In 1855, disillusioned by the scant appreciation of his work at the Paris Salon and harassed by creditors, he abandoned the French capital and returned to his country of birth for a five-year period.
Taking up residence in the port city of Rotterdam, where he remained in contact with his Parisian friends — particularly Corot, Rousseau and Daubigny, the members of the Barbizon School — and his Paris dealer, Firmin Martin, he concentrated almost solely on producing views of the surrounding landscape with its characteristic Dutch windmills and scenes of nearby harbours.
The Museo Thyssen-Bornemisza View of the Harbour, Rotterdam, dated 1856, was executed shortly after Jongkind’s return to the Netherlands.

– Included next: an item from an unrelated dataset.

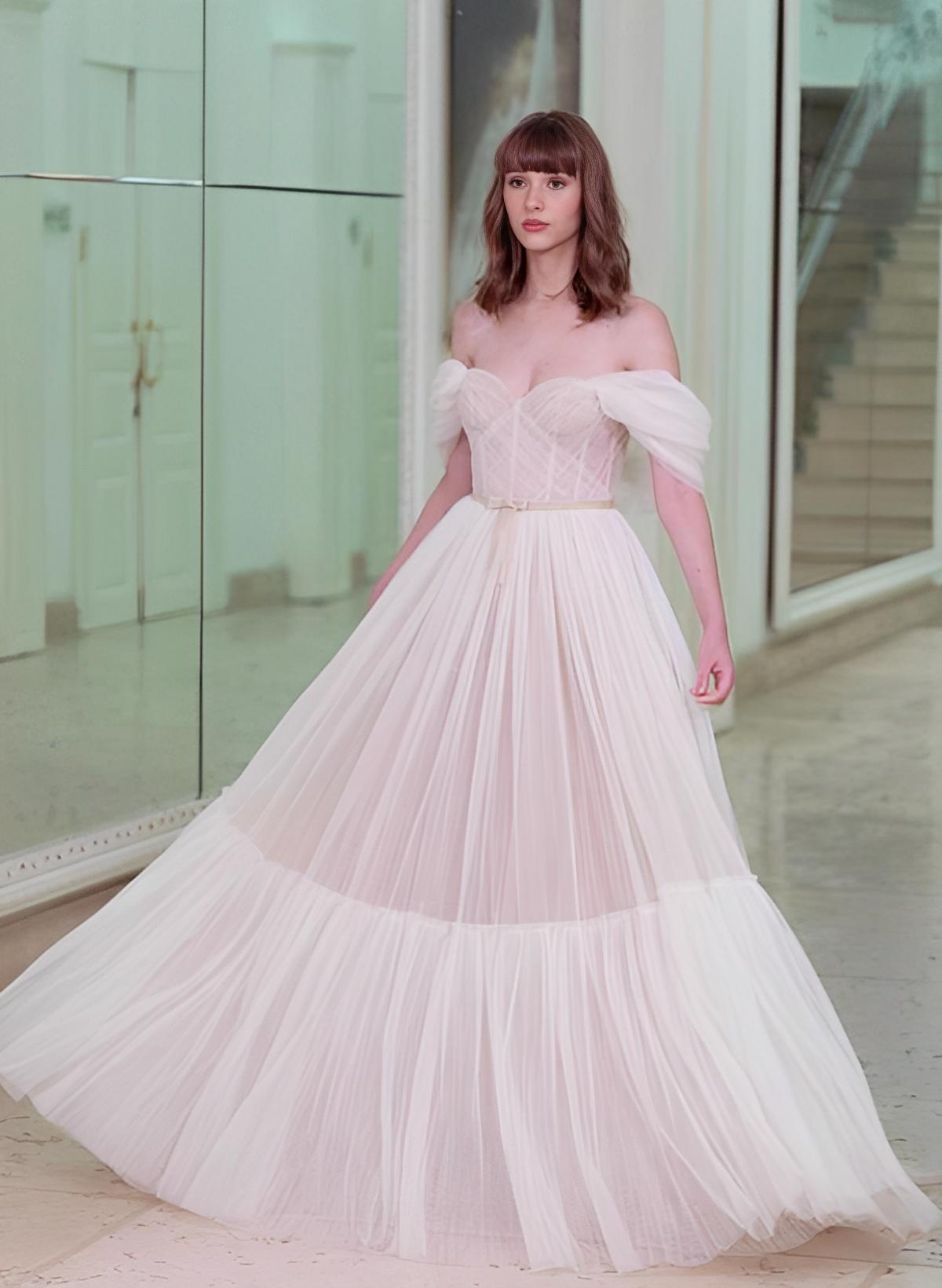 Ball-Gown Off-the-Shoulder Sleeveless Tulle Floor-Length Prom Dress/Evening Dress/Wedding Dress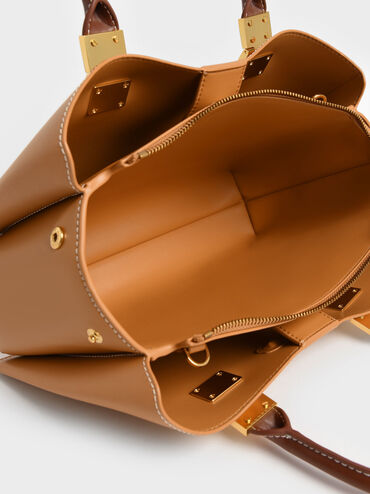 Large Double Handle Handbag, Pumpkin, hi-res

By then Rotterdam was the most important port in northern Europe, located in a privileged enclave that could be reached both from the North Sea and from inland via the deep waters of the river Meuse.
As in many other similar works, the artist depicts the quays of the bustling Dutch port with numerous moored boats in the process of unloading their cargoes.
The arrangement of the picture space bears the mark of seventeenth-century Dutch seascape painting, with which Jongkind had been very familiar since his formative years with Andreas Schelfhout.
Faithful to this tradition, the artist builds a balanced composition based on contrasts: the geometrised verticality of the masts raised to varying heights offsets the fluidity of the clouds; the dark tones of the vessels stand out against the luminosity of the sky and the gleam of the water; and the loose technique of the sky contrasts with the precise draughtsmanship of the boats.
The present oil painting was most likely executed in the painter’s studio using earlier watercolour sketches taken from life, in which the painter hastily jotted down his impressions.
Indeed, this was his usual procedure, as he wrote to his friend Smits on 22 November 1856: “I painted them from life, meaning that I made the watercolours from which I painted my pictures.
” Although this is a relatively early work, Jongkind, who, like Boudin, is considered a forerunner of Impressionism, already displays a keen interest in depicting atmospheric changes and in capturing the effects of light on water and the sky.
As Edmond de Goncourt pointed out in 1882, Jongkind exerted considerable influence on the development of modern landscape art and Édouard Manet dubbed him the “father of the school of landscape painting.
” For his part, Claude Monet stated that “Jongkind was my true master.
I owe the education of my sight to him.
” Paloma Alarcó.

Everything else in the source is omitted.